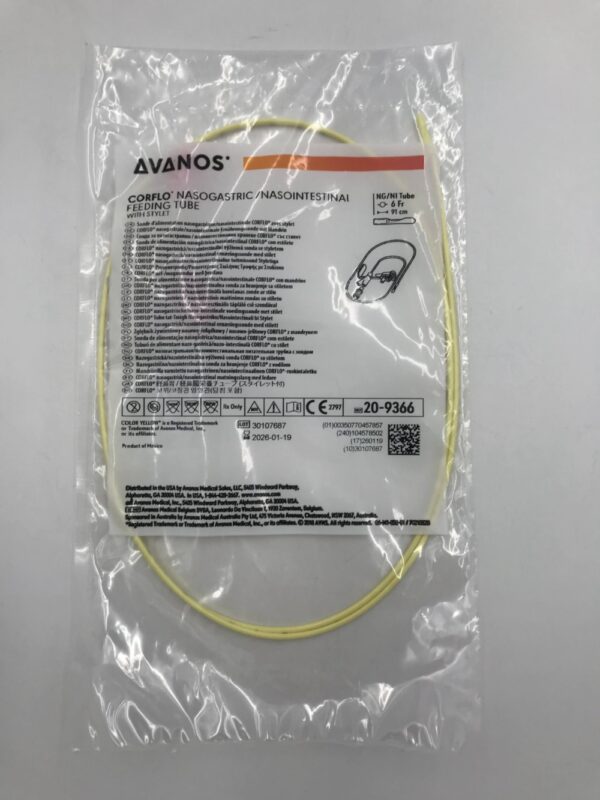 AVANOS 20-9366 Corflo Nasogastric/Nasointestinal Feeding Tube w/Stylet 6F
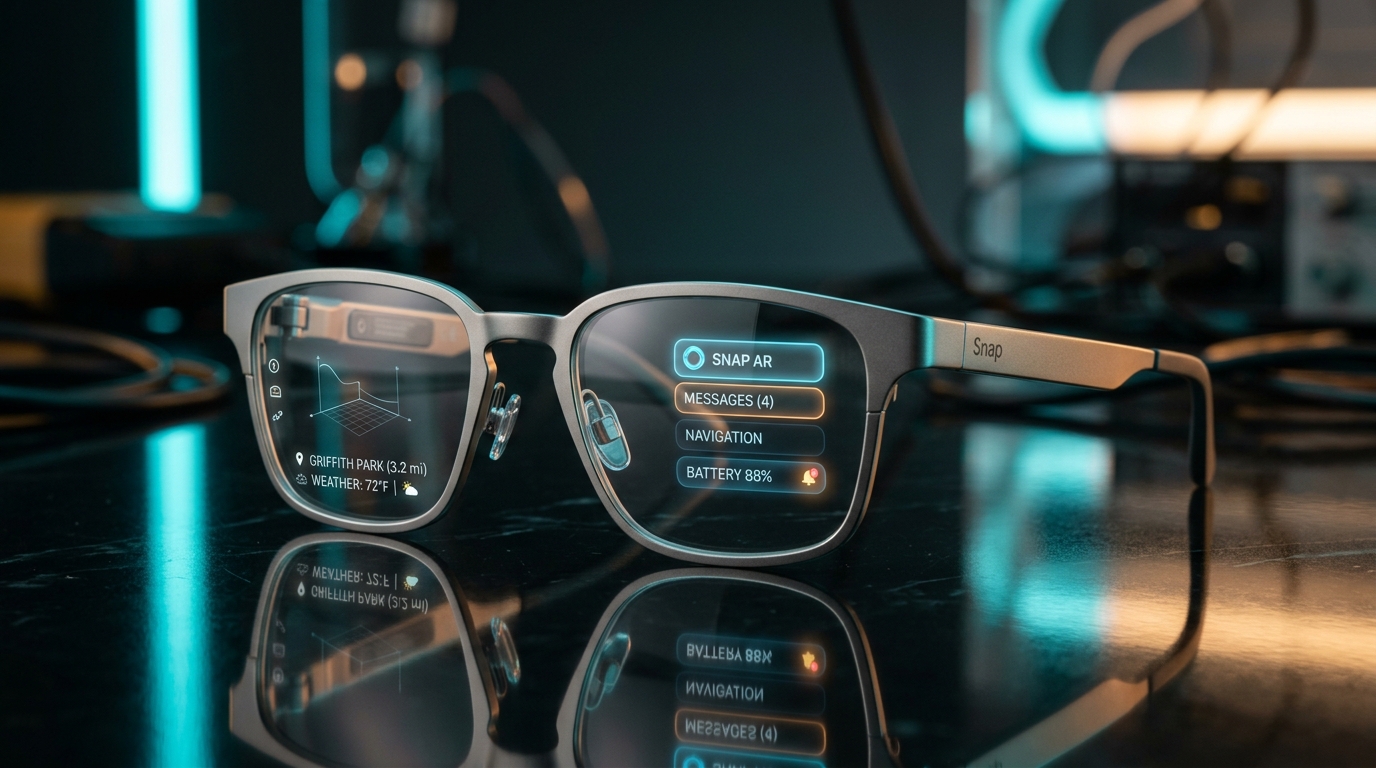 Snap SPECS augmented reality smart glasses titanium frame transparent lenses with AI overlays osmanix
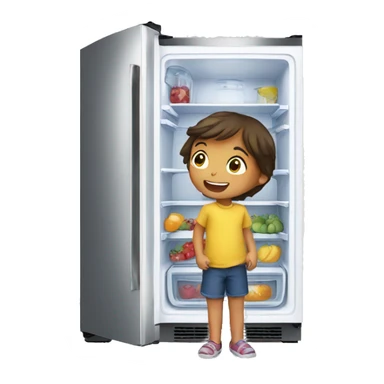 Children open a fridge  sticker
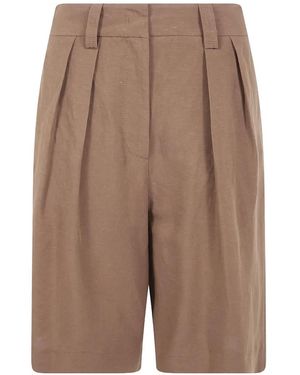 DR. HOPE Pleated Shorts - Brown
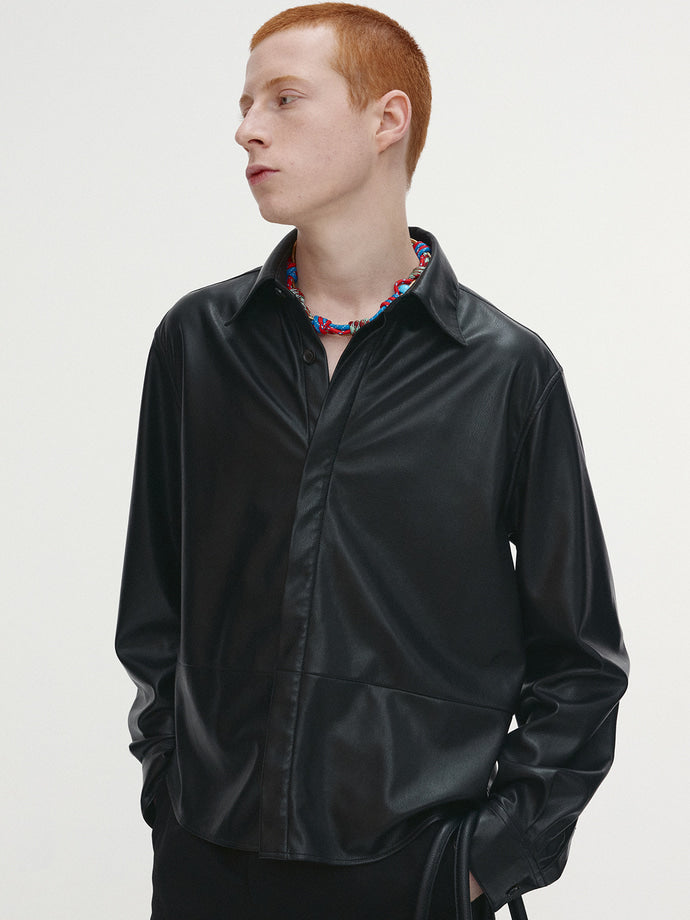 Tonywack - Faux Leather Hidden Button Shirt Italian Fabric (Black) product image 2 | TRAB K-Fashion Australia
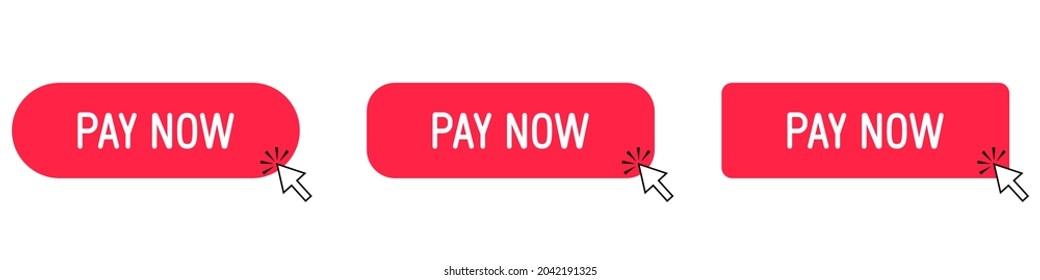 Set of "Pay now" red buttons with mouse arrow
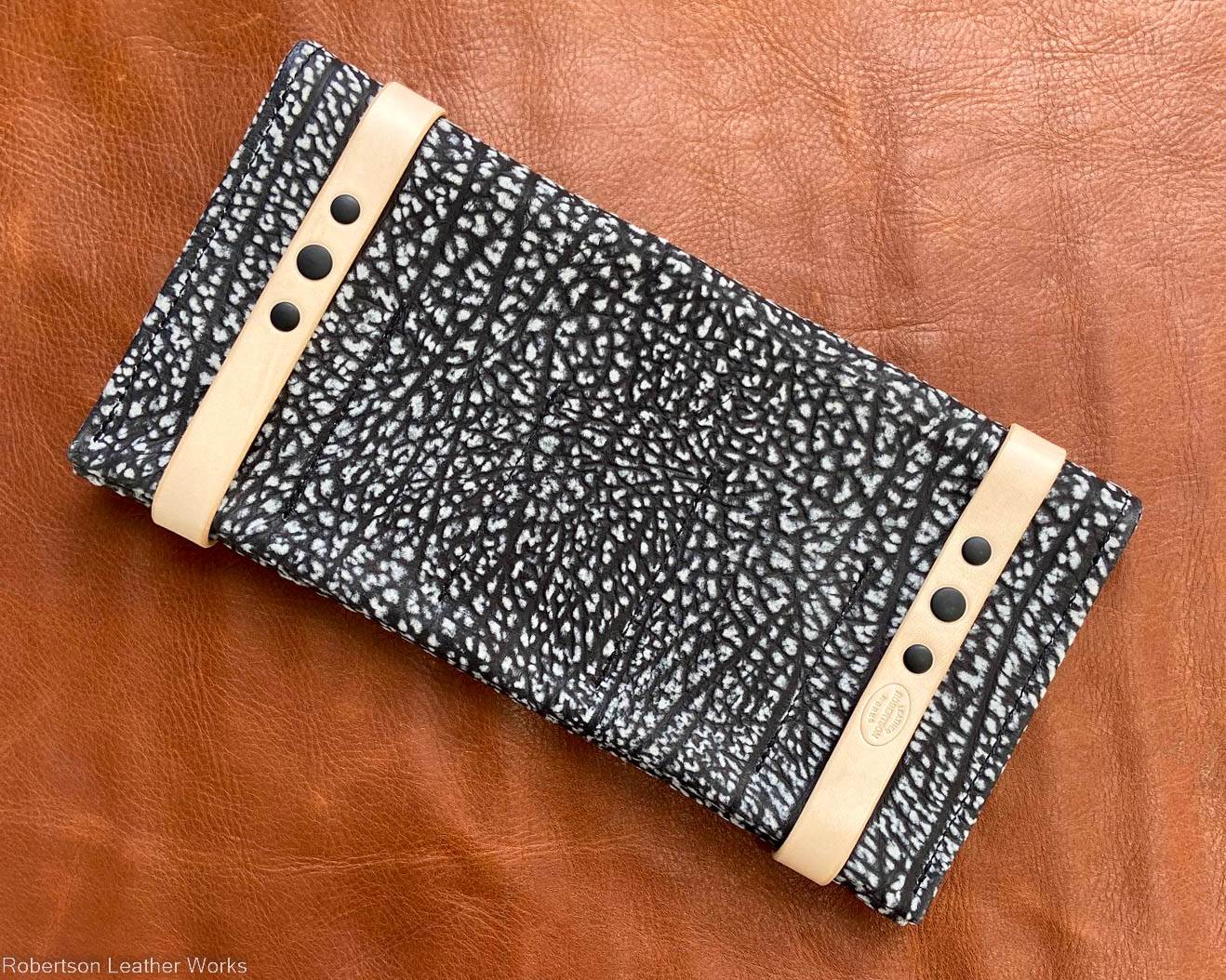 10-Knife Case in Black & White Cape Buffalo Leather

○ ○ ○ ○

About this exercise = Everything from the line that contains "DR. HOPE Pleated Shorts - Brown" through the final line of the material should be returned exactly, except the pictures.

Answer space =
 DR. HOPE Pleated Shorts - Brown
 Tonywack - Faux Leather Hidden Button Shirt Italian Fabric (Black) product image 2 | TRAB K-Fashion Australia
 Set of "Pay now" red buttons with mouse arrow
 10-Knife Case in Black & White Cape Buffalo Leather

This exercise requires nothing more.